A Sad Week for Jose

This was a sad week for Jose and his family – and it broke my heart too.  Every Friday Grant and I drive 6 year old Jose home to spend the weekend with his family in San Vicente.  He lives with his mom and his 6 siblings and his nephew and 2 nieces.  His grandma and aunties have come from the state of Michoacán and have been living 3 blocks away for the past few months.


Abuelita is on the far right at our Boxing Day Pizza Party

On Sunday I received a message on Messenger from 13 year old Isabel.  Although she no longer lives at Manos de Amor, I hear from her almost every day.  “Hello Karen – what are you doing today?”.  I value the relationship we have built with this family.  But the message I received on Sunday was not just chit chat with a bored teenager.  She told me her abuelita – her grandma – had died.   Oh no.  We had just visited with Grandma the week before when she had been caring for a sick Jose.  She had not been sick then – but apparently a sudden pneumonia had taken her.  We were set to pick up Jose later that evening and I asked what they needed – should I still get Jose?  Would they keep him with family, would he attend a funeral?

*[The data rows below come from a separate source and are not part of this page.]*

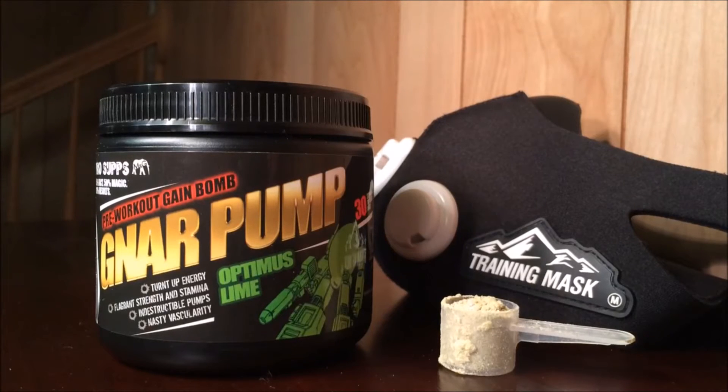Hey, what's up guys, BroReviews here. We decided to do a video on Gnar Pump Pre-Workout for BroSupps. Some of you may know this product is from Dom Mazzetti over BroScience. The product itself is pretty good overall but can be improved upon, and it doesn't live up to the hype Dom gives it.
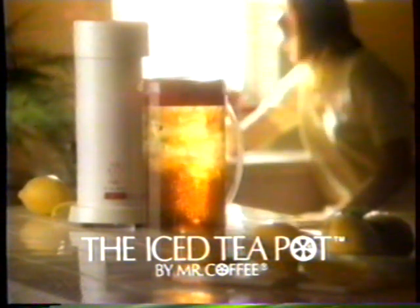Walk your feet, come back. Check the kettle. The Iced Tea Pot by Mr. Coffee — the modern way to make old-fashioned iced tea.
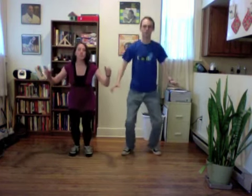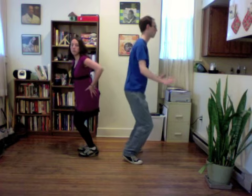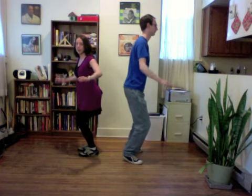The first thing that we did in the workshop was teach people about the different stance you need to do blues with. We had them jump up in the air and then freeze when they landed. You can see that we've got all of our weight on the balls of our feet, our knees are bent, our hips are behind us, our chest is above all of that, and our arms are active.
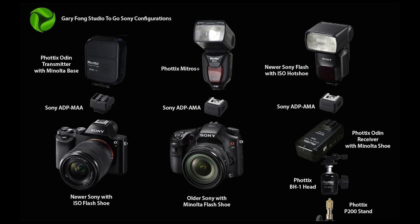Sony makes it a little bit confusing with having two different mounts. This one right here is called the Sony Minolta mount, which was discontinued pretty much — it still exists on the A77 and some of the older ones. This one right here is called the new ISO mount, or regular shoe mount, and that's on all of the newer cameras, A99 and forward. The Phottix Odin transmitter has a Minolta base as of December 2014.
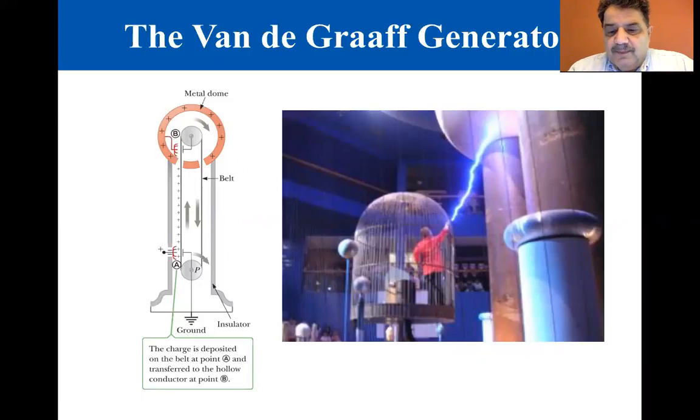The figure on the left shows the basic construction of the device. A motor-driven pulley P moves the belt past positively charged comb-like magnetic needles positioned at A. Negative charges are attracted to these needles from the belt, leaving the left side of the belt with a net positive charge. The positive charges attract electrons onto the belt as it moves past the second comb of needles at B, increasing the excess positive charge on the dome.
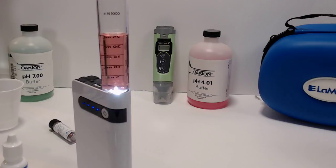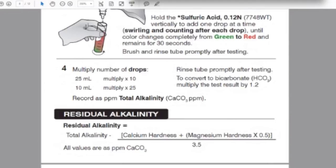Total alkalinity is 60 ppm as CaCO3. Some calculators use this value directly, but others want it as HCO3⁻ (bicarbonate). To convert: 60 × 1.2 = 72 ppm as HCO3⁻. Use whichever form your water calculator requires.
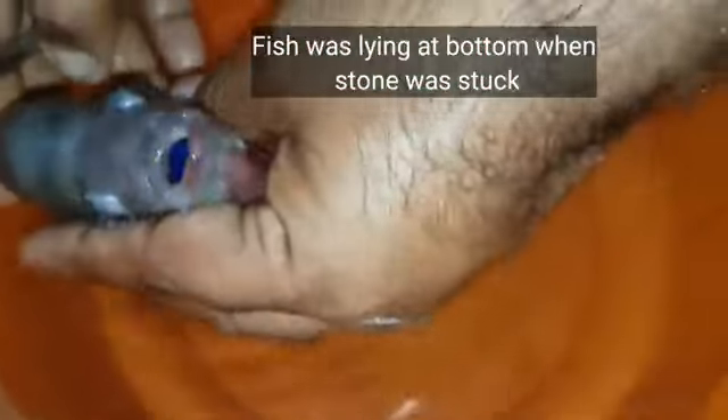We used the tweezer method and tried to remove the stone, and finally we removed it. After that, the fish started swimming in the tank. Watch the video now to see this recovery.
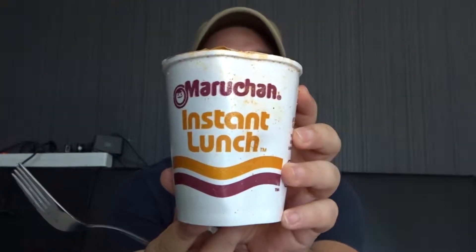Josh from America has sent me like a gazillion ramen packets, and I'm about to eat one of those. I've made it already — it's simmering, it's boiling, hot water and everything. We're gonna eat it — the fork, get out of the way — the Maruchan Instant Lunch.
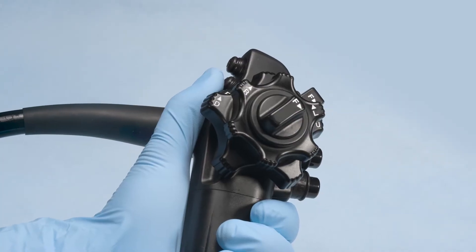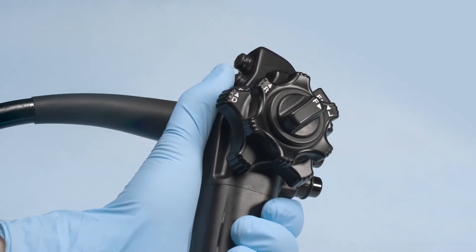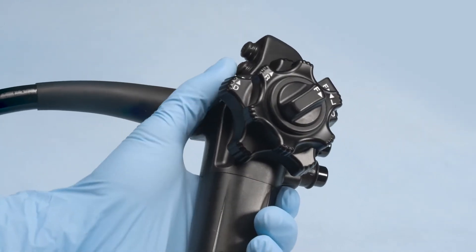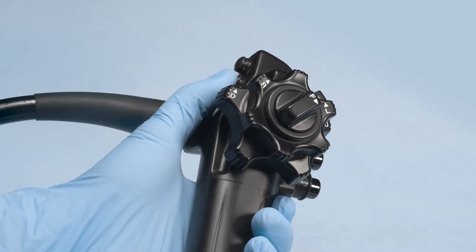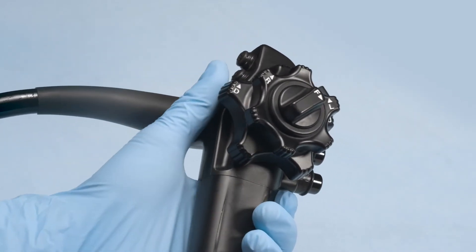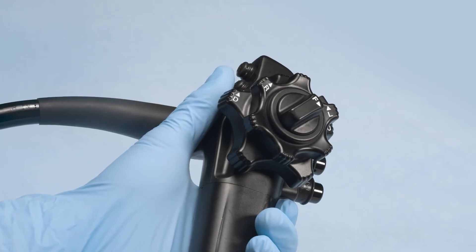Next, inspect the elevator control lever by slowly moving it distally, then return it to its original position. Check that there are no irregularities or abnormalities in the operation of the lever, such as roughness, catching, or that it does not move smoothly.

In Mexico, funerals often happen very quickly – within 36 hours.  There is no embalming, no waiting for many days for family to travel.  There is a wake the first night with a viewing of the body and some type of funeral or gathering the next day.  I received a message later that afternoon asking me to come get Jose at 7:00 as usual.  In Canada it is normal to bring food to a grieving family – and I knew that it would be even more important to do the same here in Mexico.   There is no extra food in the fridge to feed visiting relatives.  So we stopped at the grocery store and bought 4 roasted chickens and some rice and beans and headed out to get Jose, not knowing what to expect.

When we arrived it was quiet at the house -and 12 year old Laurentino told us all of the family had gone to Michoacán – his mom, most of his siblings, his nieces and nephews and aunties and uncles.  He and 13 year old Isabel were left at home and Jose would be going with us to Casa Hogar.  He did not know how long they would all be gone.   I was so glad we had brought the food as there was none in the house and the two children were there alone – under the watchful eye of a neighbor who I knew probably did not have extra food for 2 more.

20170214_142302-4Jose seemed stoic – he walked out of the house and climbed into my car without a word.  I talked to Laurentino for a while – told him to contact me if he needed anything – and drove Jose back to the orphanage.  As soon as we walked into the home, Jose’s damn broke.  He started crying- deep sobbing.  For over an hour I sat on the couch holding this little guy in my arms while he cried and asked for his mama.  I have seen Jose angry, happy, mischievious – but I have never seen such sadness and pain from him.  He cried and I cried and told him “Today I am your mommy Jose.  It is okay”.  After an hour or so I laid Jose on the couch and left.  Laura, the night worker, said he could sleep with her.  I was heartbroken leaving him but I knew he needed a good night’s sleep.

The next morning I arrived at Manos de Amor and as soon as Jose spotted me he ran up to me and said to me (in Spanish of course) “Karen, last night I was crying because my Grandma died  – I’m ok now”.  I smiled and said “I know Jose – you were sad.  It will be okay.  Your Grandma is with Jesus now”.  His serious little face, “No Karen – my Grandma is in Michoacán”.



So Jose will be okay.  Sometimes it is healthy to cry hard – not just for Grandma but for a missing mama, for a hungry weekend, for nieces and nephews who are born to 13 year old moms, for one room homes in cardboard towns, for all that is hard in his young life.  Today I watched him laugh as hard as he cried on Sunday and I smiled with him –  Jose will be okay and we are so happy to be part of his story.